Azerbaijani religious leader (1882–1967)

Muhsin Hakimzadeh (Azerbaijani: Mirmöhsün Həkimzadə, 1882–1967) is the 9th Shaykh al-Islam and the chairman of the Religious Council of the Caucasus.

== Biography ==

=== Early years ===
Mirmuhsin was born in the family of sheikh Ali in 1882 in the city of Shamakhi. He received his first primary education in his father's house, later he was sent to the cities of Mashhad and Najaf to continue his education. After seven years of excellent education in Mashhad, he was awarded the title of akhund and then sheikh. After completing his education in 1914, Mirmukhsin Hakimzade returned to Shamakhi and became the closest assistant to his father.

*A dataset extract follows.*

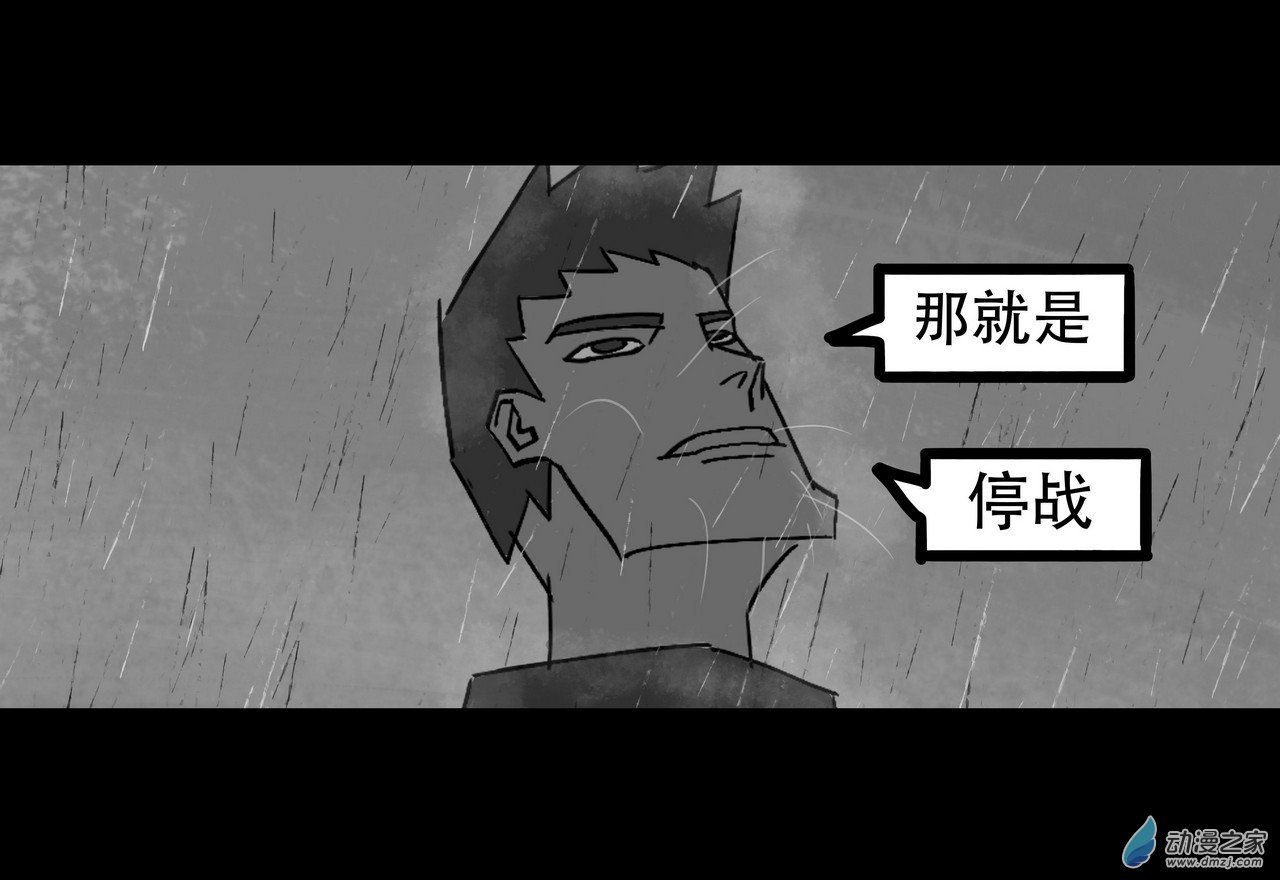 09 权路3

By order of the Sheikh al-Islam of Transcaucasia he was appointed akhund of the Imamli mosque in the city of Shamakhi.

=== Soviet period ===
In 1928, inspections were carried out in the house of Mirmuhsin. His jewelry was confiscated and he himself was taken to Baku where he was kept in prison for 6 months, after which he was found not guilty and released, but his writings, which were taken with him in Baku were burned. After this incident Mirmuhsin permanently moved to Baku and began working as a laborer in some places, fleeing repression. After the establishment of the spiritual administration in 1943, akhunds who had escaped the repressions of 1937 were invited here, then akhund Mirmuhsin was elected deputy of the chairman of the Religious Council of the Caucasus.

=== Career ===
After the death of the past Sheikh al-Islam Agha-Alizadeh in 1954 a congress of the Spiritual Administration of Muslims of Transcaucasia was convened and sheikh Mirmuhsin Hakimzadeh, who had been in office for 12 years was elected chairman of it. During his tenure Hakimzade managed to open new mosques, build minarets in many mosques and build new madrasas.

He died on 15 September 1967, at the age of 85 in Baku and after him the post of Shaykh al-Islam was taken by Ali-Agha Suleymanzadeh.